If you want to see the inner truth of your own being, you need to know how to explore your mind. 

The best way to explore your mind is with meditation.  And at first, that might sound a little backwards…. Years ago, when I was a wide-eyed philosophy student, there was a conversation after class about meditation. Many of the students there were still reeling from the day’s lecture in Philosophy of the Mind. One student was questioning if the practice of meditation had any value to him. He claimed that meditation was merely “clearing the mind,” or “thinking about nothing”. And this can be true. You certainly can use meditation to clear and quieten your mind. 

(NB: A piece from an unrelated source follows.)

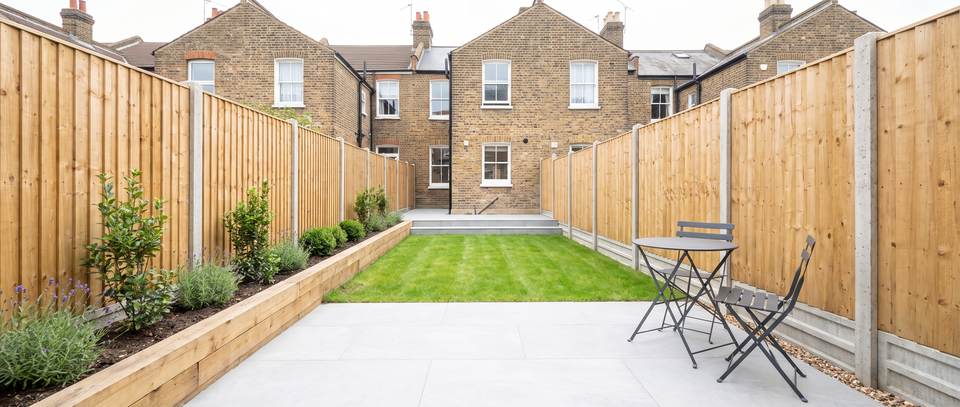 A newly landscaped London garden with a porcelain patio, lawn and featheredge fencing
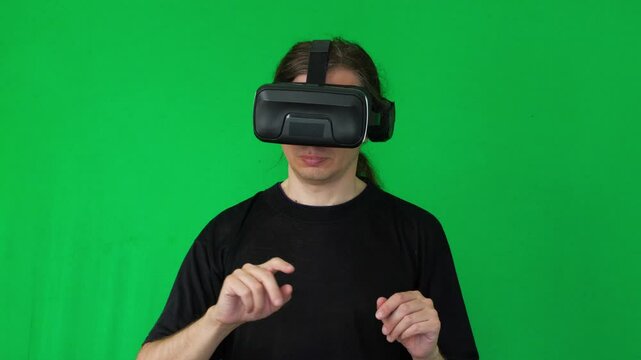 A mid-shot captures an interactive and engaging mood as a person wearing a VR headset makes open-hand gestures, suggesting immersion in a virtual environment or game, against a green screen background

Meditation is also about learning how to explore your mind too though, as one student said.  I distinctly remember our professor smirking and sipping his coffee as we sharpened our swords, but dulled our understanding. Because in truth, meditation is about both. It’s about clearing the mind. But it is also the best way how to explore your mind. 

That lecture session happened almost ten years ago. But the argument continues today. I still hear the same debates and misconceptions. After studying the philosophies, I spent even more time applying what I read from various sources. 

One thing is for sure, when it comes to exploring your mind vs clearing it; meditation is not about either/or. It’s about both. Because if you want to explore your mind, you first have to clear it. 

Here is how to clear your mind and how to explore your mind at the same time. 

5 Ways How To Explore Your Mind With Meditation


1: Open Monitoring

The best way to start to explore your mind is with open-minitoring meditation. This will calm your mind and clear it so you can start to see within (for more on this, read my guide to  open-awareness, focused attention and effortless presence).


One misconception about clearing the mind is that it requires you to avoid your thoughts. This couldn’t be further from the truth. If you try to avoid thinking you will probably actually start to think even more. Instead, you should try to focus on the present moment; through open-monitoring meditation.

To do this, simply begin to meditate as you would any other time, but be sure to keep your breathing mindful. As you feel your body relax, and your mind becoming calm, begin to observe your thoughts and the external stimuli around you. Whether you’re distracted by a
sound, smell, the wind blowing against you, or anything else, notice that distraction without analysis or judgement.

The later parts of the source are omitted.